The network system’s many critics, including some principals who find them ineffective, welcome the changes. But some who cherish their self-selected networks, which offer assistance to principals but can’t command or sanction them, dread the return to a superintendent-led system.
“A lot of us are nervous,” said one principal, who like other school and network leaders would only speak anonymously about possible policy changes. “The signs point to networks may no longer exist — certainly not in this form.”
After several reorganizations, the Bloomberg administration eventually settled on a system of nearly 60 support networks, which principals could choose from and that took over many of the duties once overseen by superintendents. The superintendents technically remained principals’ bosses, but their role was reduced mainly to conducting formal evaluations and their staffs shrank from dozens to a handful.
Under Fariña, herself a former superintendent, that position is regaining its clout.
After forcing them to reapply for their jobs this summer (more than a third were replaced), Fariña began to hold hour-long, one-on-one meetings with each of the more than 40 superintendents to explain their revamped roles. They were given new responsibilities — interact with parents, promote arts education, ensure that quality teaching happens in schools — and told to act as “the eyes and ears of the chancellor.”
“To me, the superintendents are huge,” Fariña said Monday. “Having people in the field that I can trust, that have my same belief system, that are going to be in schools all the time, is important.”
The superintendents have started to hire new staffers, including instructional experts to help evaluate the 60 or so schools that some superintendents oversee. They have also started to host district-wide meetings, which all but disappeared under the network system. While the meetings vary by superintendent, some principals have complained about ones held during the school day, where some say they have sat through talks by curriculum vendors and, in one case, Miss New York.
“I can’t speak enough to the lack of quality or purpose” at those meetings, one principal said.
Principals who value their networks worry that the rise of superintendents may signal the decline of networks.
To those principals, the network system empowered them to choose the type of support they wanted from experts who, unlike superintendents, would not also evaluate them. They also enabled school leaders in the same network to interact with like-minded colleagues outside their geographic districts. One principal in a high-needs Brooklyn district said she not only gets advice from her counterparts who lead successful schools in better-off districts, but also receives donated books and furniture from them.
“I’ve gotten an immense amount of support from other principals in my network,” the school leader said.
Predictably, some network officials are upset by the changes.

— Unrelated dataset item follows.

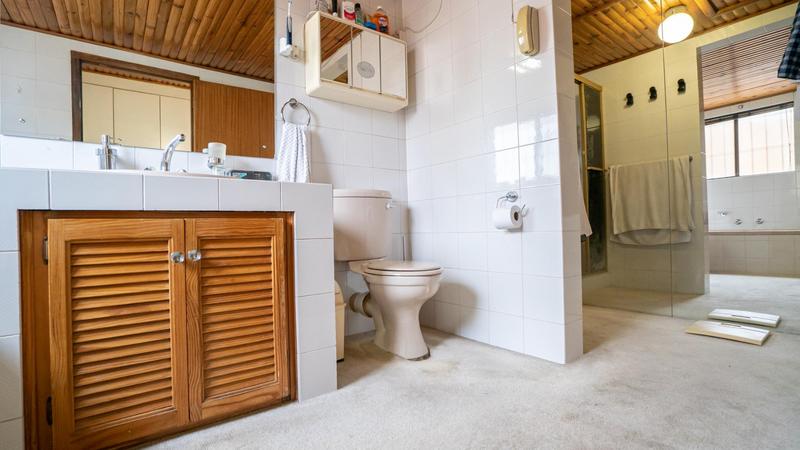 3 Bedroom Property for Sale in Morning Hill Gauteng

Some say that principals are now receiving dueling messages from networks and superintendents about how to run their schools, but that the school leaders feel compelled to defer to the will of their bosses, the superintendents. They also say that network staffers are starting to consider new jobs.
“There are a number of people on network teams who are being recruited to central jobs,” one network leader said, referring to positions within the city education department. “There are other people who are actively looking.”
Of course, the network system’s many critics — including some state officials and union leaders — have called for an overhaul since before Fariña was appointed.
They argue that some networks are spread too thin trying to assist schools in multiple boroughs, while others let struggling schools limp along without extra help. Others say the system leaves principals without clear supervisors and parents without officials they can appeal to.
Genevieve Stanislaus, principal of Life Sciences Secondary School in the Upper East Side, said the network system is “too scattered,” adding it can keep principals in the same neighborhood who are in different networks from collaborating. During her 34 years working in the school system, the most help she ever received was from her one-time superintendent, she said.
“He knew every one of his 41 schools, and his deputy visited even more often,” she said. “They were always there to support you and assist you.”